Dilek Latif
dilek_latif@yahoo.com
BM Genel Sekreteri Annan 2003 yılında hazırladığı S/2003/398 nolu raporunda müzakere çabalarının $3,148,500 mal olduğunu, 54 dolaylı, 172 yüz-yüze, 150 ikili toplantı, Yunanistan ve Türkiye’ye 30 kez yolculuk yapıldığını yazmıştı. Sonuçta 192 sayfalık ana metin, 250 sayfalık tamamlanmış, 6,000 sayfalık taslak halinde birleşik Kıbrıs yasaları ve 1,954 uluslararası anlaşma dokümanı hazırlanmıştı (1).
1 Mayıs 2004’te Kıbrıs AB’ye resmen katılmadan önce Kofi Annan, iki tarafı Türkiye ve Yunanistan’la birlikte müzakerelerin yeniden başlatılmasına dair son kararlarını bildirmek üzere Şubat ayında New York’a çağırır. İki taraf artan uluslararası baskılar karşısında Annan’ın koşullarını kabul eder.
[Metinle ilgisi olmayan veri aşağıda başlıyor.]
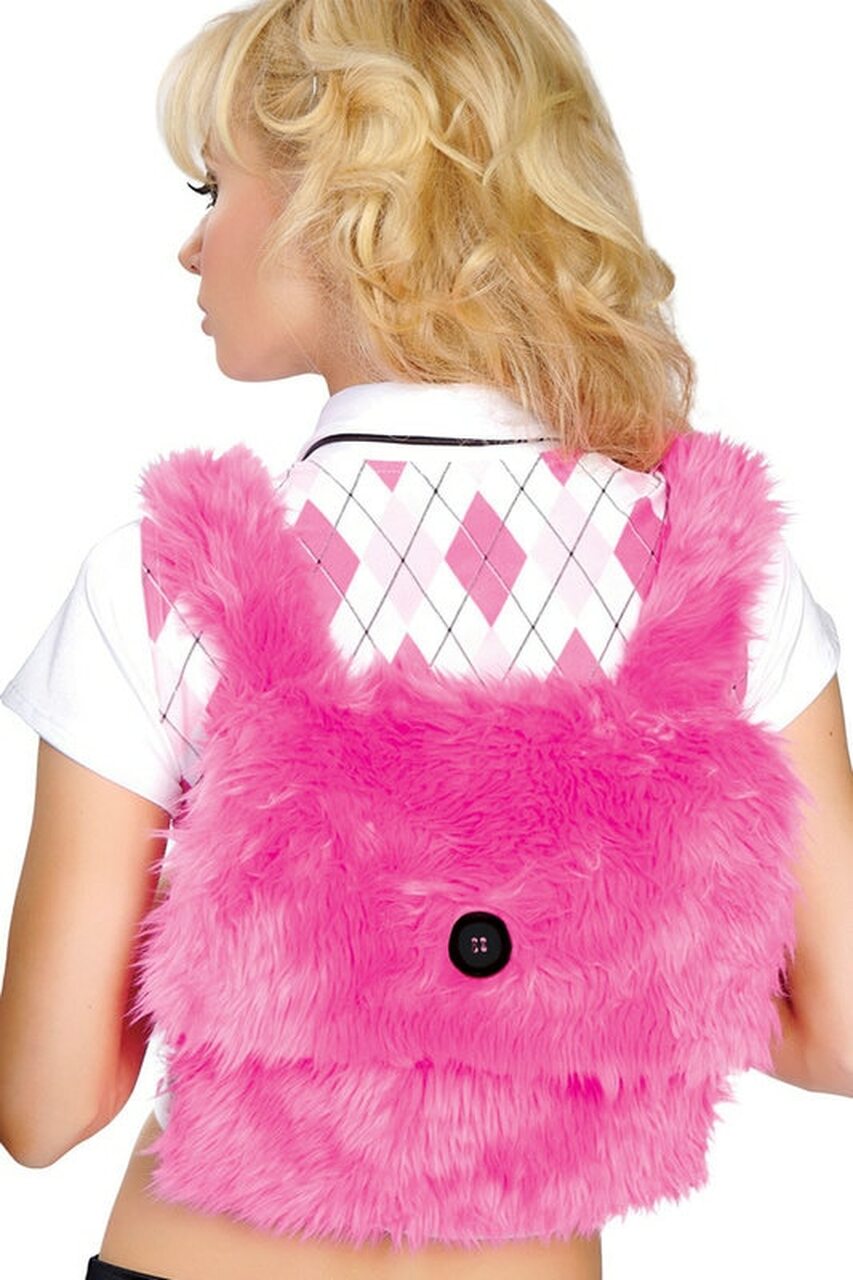 Fur Back Pack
Buna göre liderler 21 Mart’a kadar BM gözetiminde görüşmelere devam edecekler, farklılıkları çözemezlerse Türkiye ve Yunanistan’ın katılımıyla 22-29 Mart’a kadar bir anlaşmaya varmaya çalışacaklar, 29 Mart’tan sonra BM çözümlenemeyen konularda boşlukları dolduracak ve nihai plan eşzamanlı iki ayrı referanduma sunulacaktı (2). Bu arada kuzeydeki Cumhurbaşkanlığı seçimlerinde sandıktan Mehmet Ali Talat çıkar ve Mart sonunda İsviçre’de gerçekleştirilmesine karar verilen dörtlü zirveye yeni görüşmeci olarak katılır. İsviçre’deki toplantılar BM’nin beklediği gibi gerçekleşmez, gergin tartışmalar, sert pazarlıklar ve krize yol açan gelişmeler ortamında Annan Planı IV ve V müzakere edilir, Planın beşinci versiyonunun 24 Nisan 2004’te iki ayrı referanduma sunulmasına karar verilir (3). Tarihte ilk kez Kıbrıs meselesinin çözümünün referandumla adadaki toplumlara sorulması ateşli tartışmalara ve iki tarafta da toplum içi hizipleşmelere yol açmıştı. Birleşik Kıbrıs Cumhuriyeti’nin kurulabilmesi için sandık başına giden Kıbrıslı Rumlar %76 hayır, Kıbrıslı Türkler %65 evet oyu vermişti. Ancak Annan Planı uygulama aşamasına gelemeden son bulmuş, çözüm için çok önemli bir fırsat daha kaçırılmıştı.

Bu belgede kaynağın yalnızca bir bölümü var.